If you ask your snowbird neighbors, they can attest to the importance of home insulation and sealing to help keep warm during the winter. Read on to learn why sealing and insulating your Bradenton home’s envelope is equally important to keep the cool air inside, humidity out and more savings in your pocketbook.
Energy Dollars and Comfort Sense
There are a number of heat gain issues to contend with in the typical home. The orientation of the home to the sun makes some rooms warmer, while across the hall is perfectly comfortable. Airflow issues, perhaps from duct leaks or lack of return grilles, can make some areas of the home feel stuffy.

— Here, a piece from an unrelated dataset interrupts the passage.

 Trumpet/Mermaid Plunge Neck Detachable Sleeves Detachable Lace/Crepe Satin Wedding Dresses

Moreover, if your home has multiple floors, trying to make everyone comfortable is exhausting in and of itself.
Following are four advantages of sealing and insulating your home:
- Savings — Sealing air leaks and boosting insulation to Energy Star standards can shrink the cooling (and heating) bill by about 20 percent in the average home.
- Comfort — Minimizing heat gain, and the frequency which the A/C cycles on and off, boosts comfort 24/7.

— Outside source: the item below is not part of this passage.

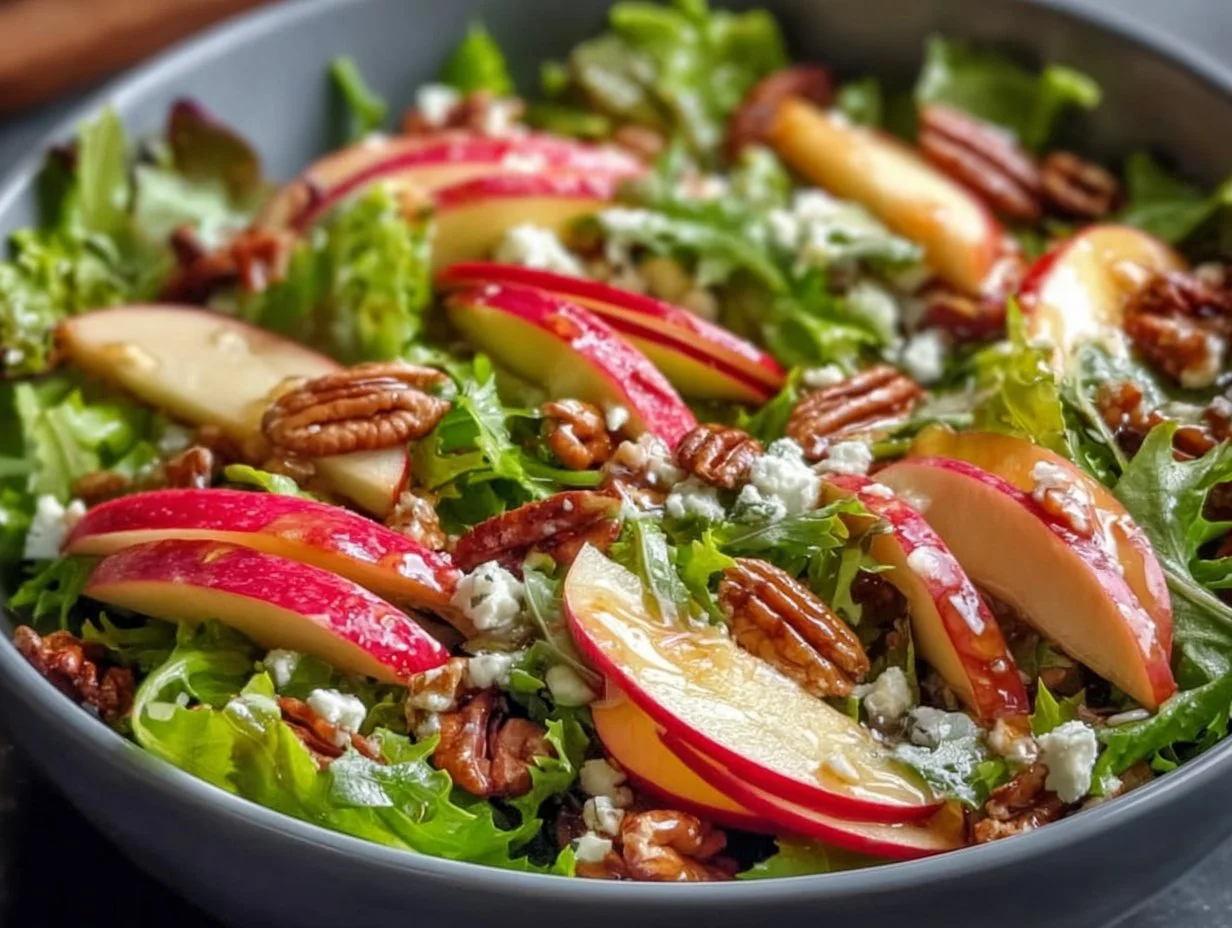 Autumn Harvest Honeycrisp Apple and Feta Salad served in a bowl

- A/C performance — Sealing the home’s envelope reduces the cooling load placed on the A/C or heat pump, which reduces usage, wear and repairs.
- Air quality — Air infiltration between the living spaces and air outside the envelope can introduce contaminants, such as Volatile Organic Compounds from building structure. Seal the envelope and breathe more healthful air in your home.
The elements of good air sealing are finding the leaks, and sealing the leaks using quality materials that will last through the years. Your HVAC professional uses a blower door test to locate air leaks in the envelope. The home is depressurized using a large fan, which pulls air outside the home in through cracks, gaps and holes in the shell. More sophisticated instruments are used to measure the rate of leakage, and specific locations.
For do-it-yourselfers, an incense stick or smoke pencil can identify leaks, too. Keep your eye on the natural smoke waft.
- Move the incense stick or smoke pencil around exterior doors, windows, attic hatch, shared walls and door of an attached garage, wall switch plates, kitchen and bath fans, baseboards and air registers.
- A visual inspection of the home’s exterior can identify holes and cracks. Check all piping and cable entry points through the shell, including spigots, dryer vents, TV cables and central A/C piping (split systems) and exterior duct trunk (packaged systems).
Just about all air leaks may be successfully sealed with caulk, weatherstripping and spray foam. Caulk and weatherstripping are available in an assortment of materials and colors that best suit the application. Following are basic examples:
- Clear silicon caulk in a squeeze tube is easier (and less mess) to apply to thin window-sill cracks than a caulk gun.
- Foam weatherstripping should be applied around the perimeter of the attic hatch.
- Rubber weatherstripping tubes may be best around the entry door and garage access doors.
- Expanding foam spray nicely seals holes in exterior walls found around water spigots, piping and cables.
Boost Insulation, Boost Savings
Adding insulation seems simple enough, until you open the attic hatch and wonder if that’s what 155 degrees and 99 percent humidity feel like. But, now you have first-hand knowledge why sealing and insulating is important to stop heat gain to the cooled living spaces of the home. Following are some of the steps performed by your cooling contractor:
- Your cooling contractor uses infrared imaging to measure heat gain/losses through the home’s exterior shell.
- A thorough visual inspection is performed to locate damaged insulation, such as moldy or wet portions. All damaged insulation is useless and must be replaced.
- A drill and telescopic cameras may be required to measure insulation inside inaccessible walls and other locations in the home.
The state of your home’s insulation is discussed in detail, including the type of insulation in the attic, walls and beneath the floor (if any). If you have decided to boost insulation, keep in mind that it is not necessary to add the same insulation material. For instance, you may wish to add loose-fill cellulose to wall cavities in places where the building contractor failed to install fiberglass batts.
All the specs and options should be thoroughly outlined and discussed so that you can make an intelligent home-improvement decision based on facts, heat gain/loss figures (Manual J) and bottom-line savings.